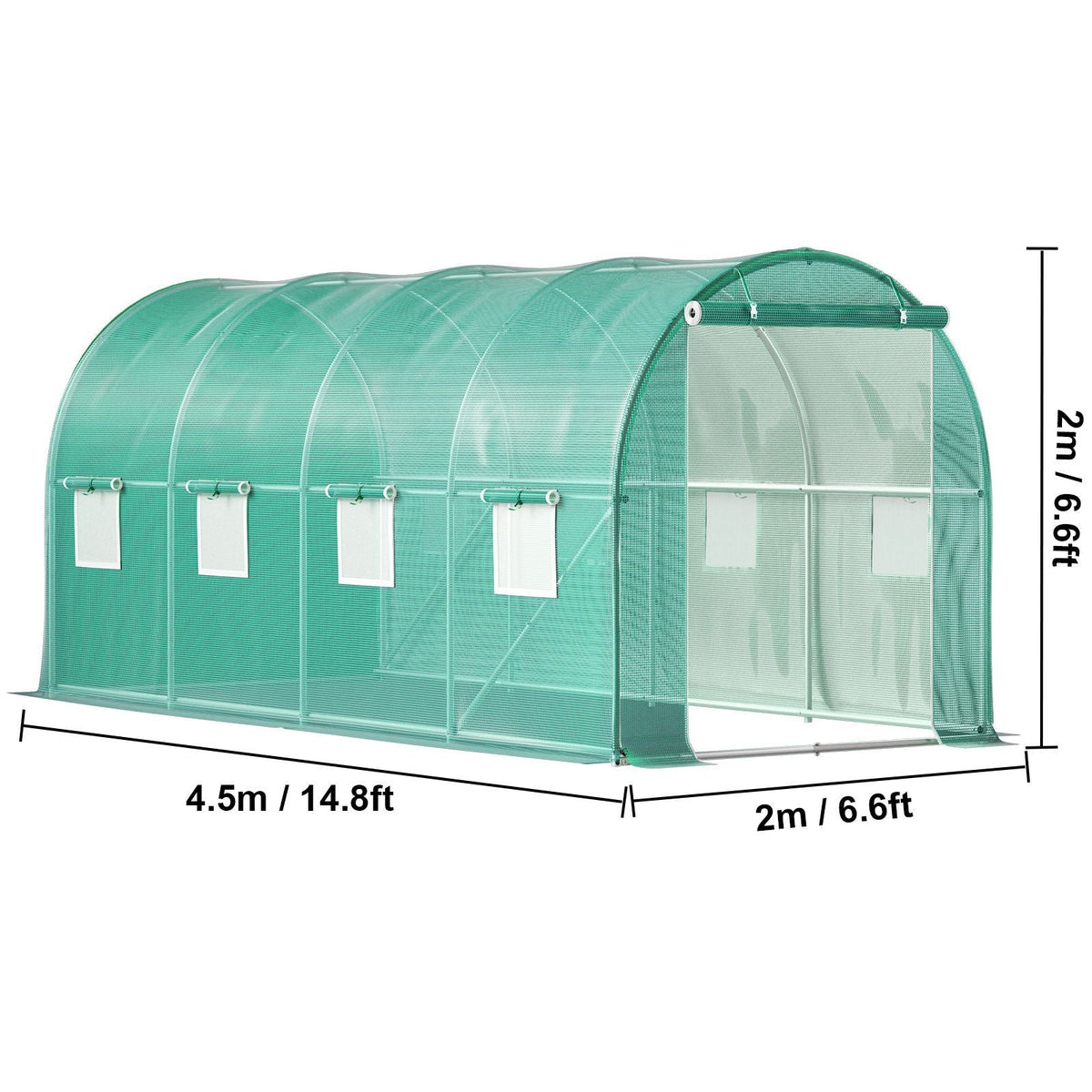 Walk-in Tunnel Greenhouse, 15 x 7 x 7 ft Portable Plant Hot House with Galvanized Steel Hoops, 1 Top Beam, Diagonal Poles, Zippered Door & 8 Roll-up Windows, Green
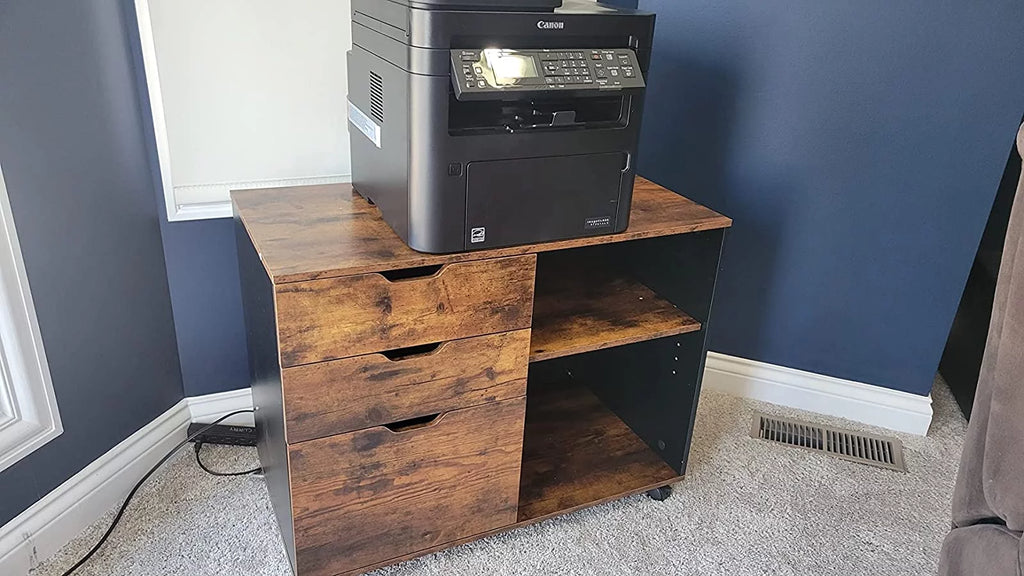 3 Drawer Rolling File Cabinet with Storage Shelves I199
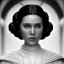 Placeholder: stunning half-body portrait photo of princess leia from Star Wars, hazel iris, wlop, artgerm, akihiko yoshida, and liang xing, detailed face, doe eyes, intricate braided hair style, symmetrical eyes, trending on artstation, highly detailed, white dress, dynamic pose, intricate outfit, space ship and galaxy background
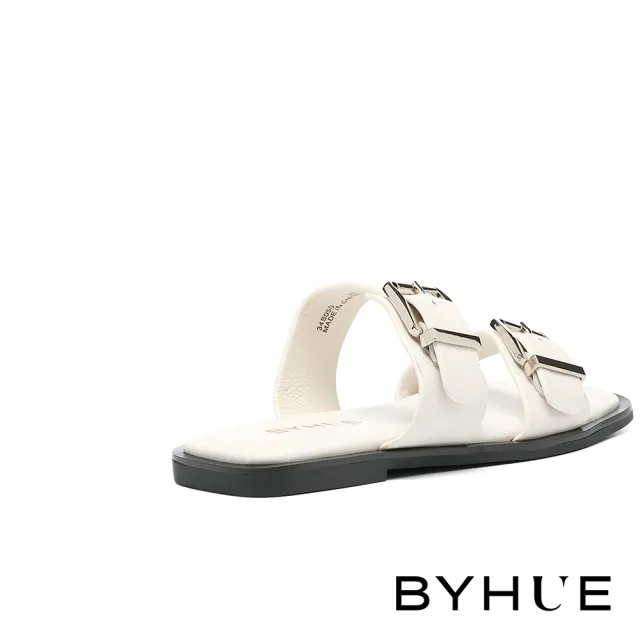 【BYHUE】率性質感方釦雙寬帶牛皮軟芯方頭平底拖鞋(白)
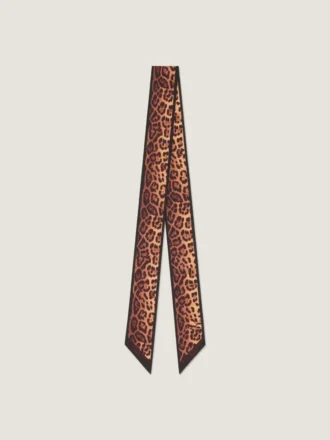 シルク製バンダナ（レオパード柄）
☆ ☆ ☆ ☆
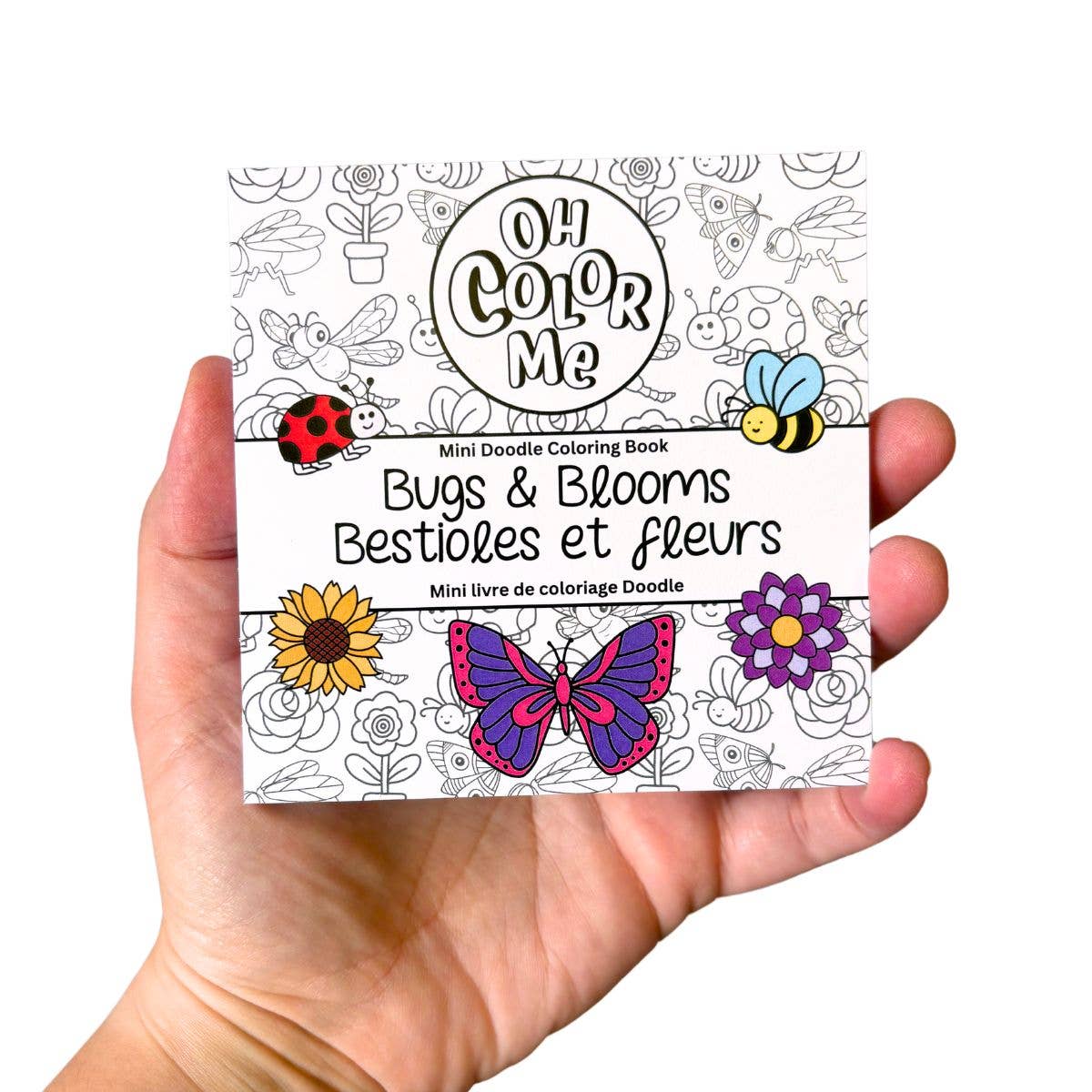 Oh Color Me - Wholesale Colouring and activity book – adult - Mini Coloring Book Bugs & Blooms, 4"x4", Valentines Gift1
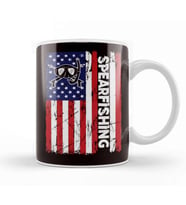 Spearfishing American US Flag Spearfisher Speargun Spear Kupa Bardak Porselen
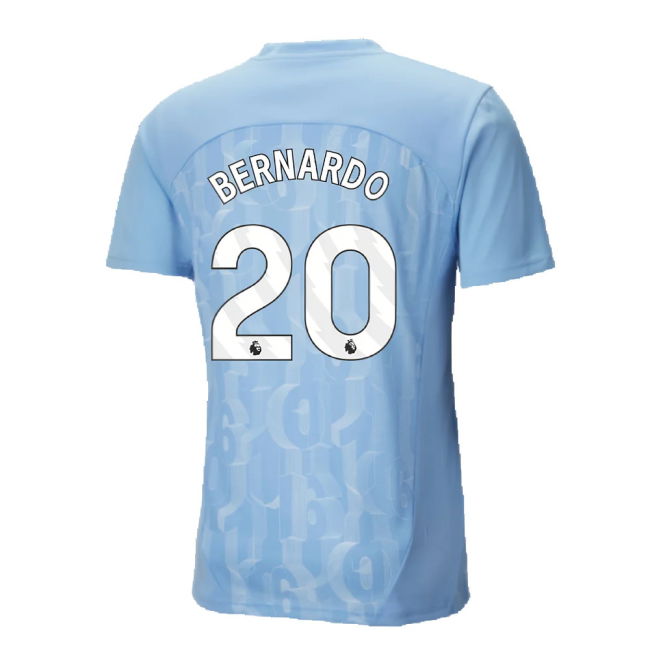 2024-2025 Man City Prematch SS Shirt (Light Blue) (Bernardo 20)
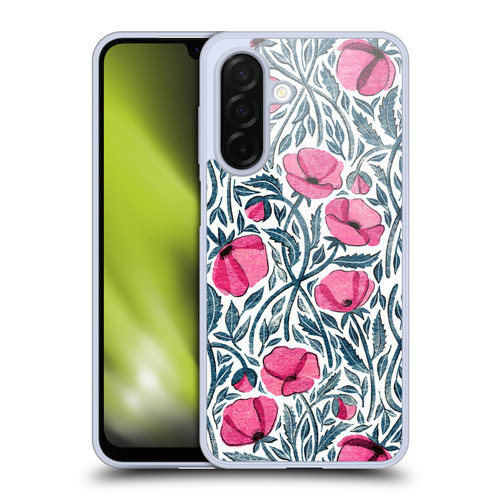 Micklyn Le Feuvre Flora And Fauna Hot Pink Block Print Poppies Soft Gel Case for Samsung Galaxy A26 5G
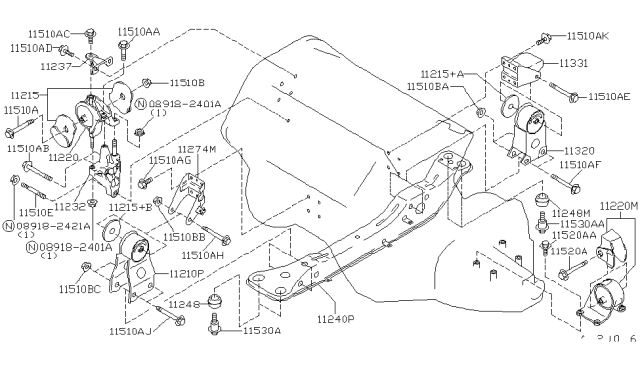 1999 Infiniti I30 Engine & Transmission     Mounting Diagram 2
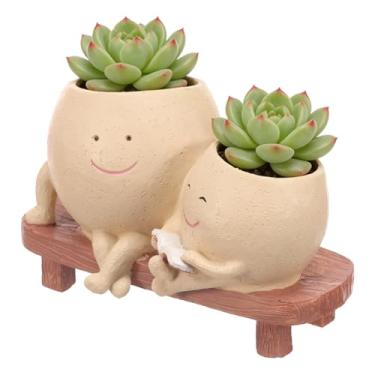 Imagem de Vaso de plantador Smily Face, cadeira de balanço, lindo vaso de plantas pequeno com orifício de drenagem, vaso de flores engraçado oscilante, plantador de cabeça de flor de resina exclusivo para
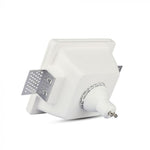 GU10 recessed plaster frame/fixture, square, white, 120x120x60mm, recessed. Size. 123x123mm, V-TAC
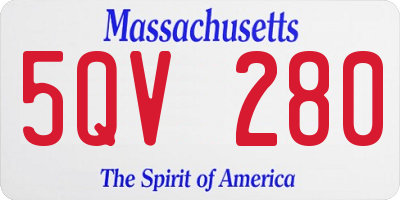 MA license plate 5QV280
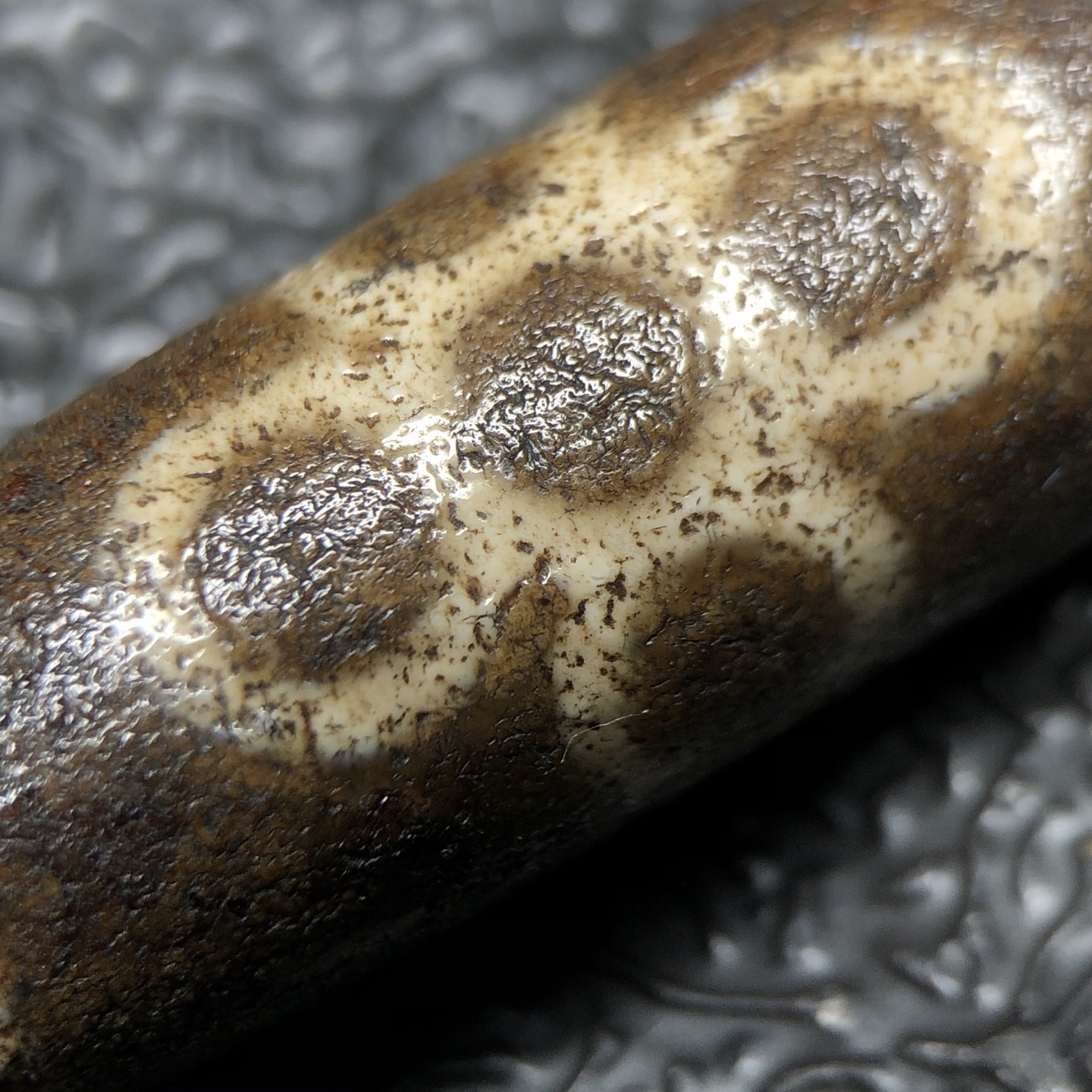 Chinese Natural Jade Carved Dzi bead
☆ ☆ ☆ ☆
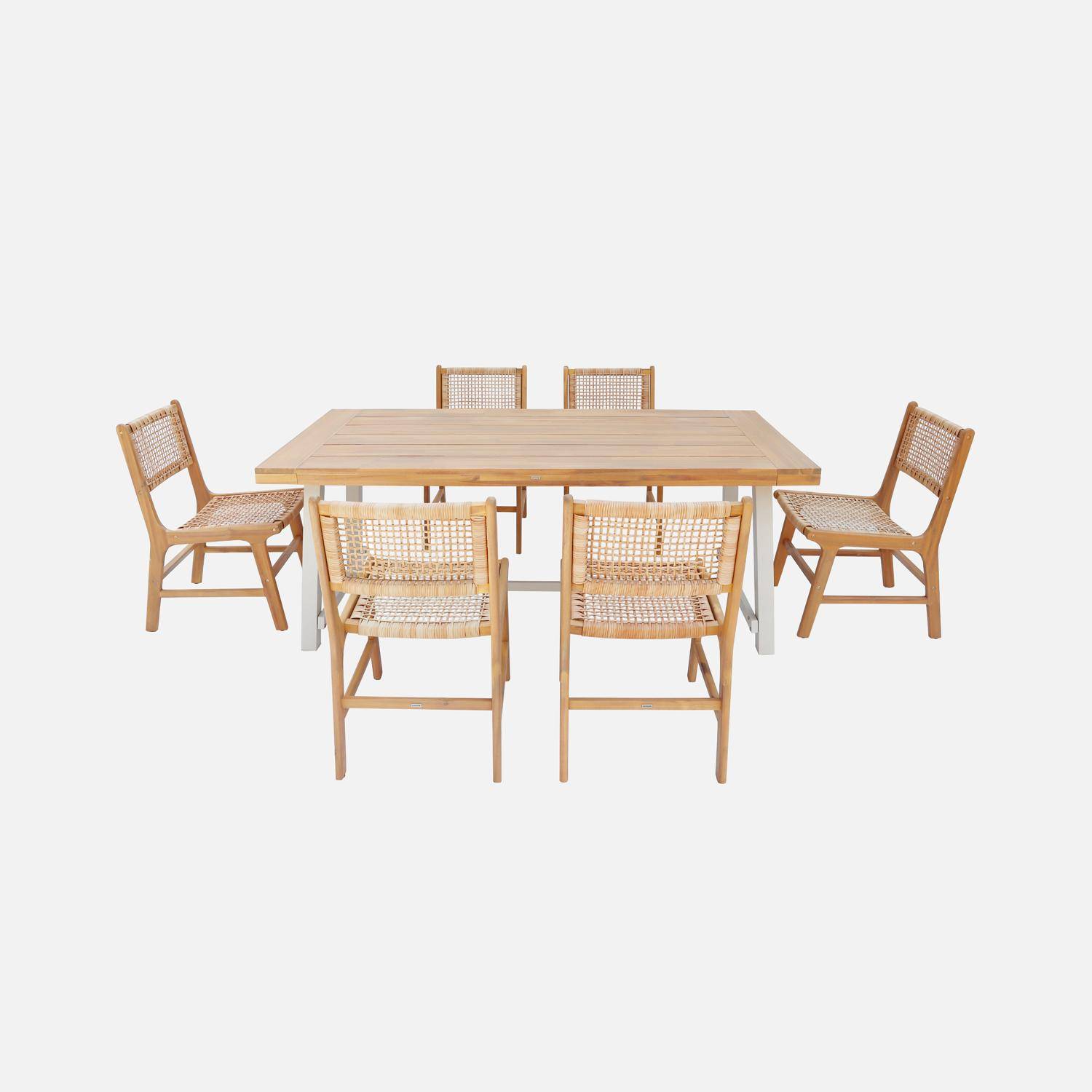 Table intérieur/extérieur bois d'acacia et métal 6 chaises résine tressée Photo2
☆ ☆ ☆ ☆
**What you should do**
Here the job is to copy the listing above word for word, starting at the line with "Micklyn Le Feuvre" and ending at the line with "Chinese Natural Jade Carved Dzi bead", and to leave out the pictures.

**Your response**
 Micklyn Le Feuvre Flora And Fauna Hot Pink Block Print Poppies Soft Gel Case for Samsung Galaxy A26 5G
 1999 Infiniti I30 Engine & Transmission     Mounting Diagram 2
 Imagem de Vaso de plantador Smily Face, cadeira de balanço, lindo vaso de plantas pequeno com orifício de drenagem, vaso de flores engraçado oscilante, plantador de cabeça de flor de resina exclusivo para
 GU10 recessed plaster frame/fixture, square, white, 120x120x60mm, recessed. Size. 123x123mm, V-TAC
 MA license plate 5QV280
 Chinese Natural Jade Carved Dzi bead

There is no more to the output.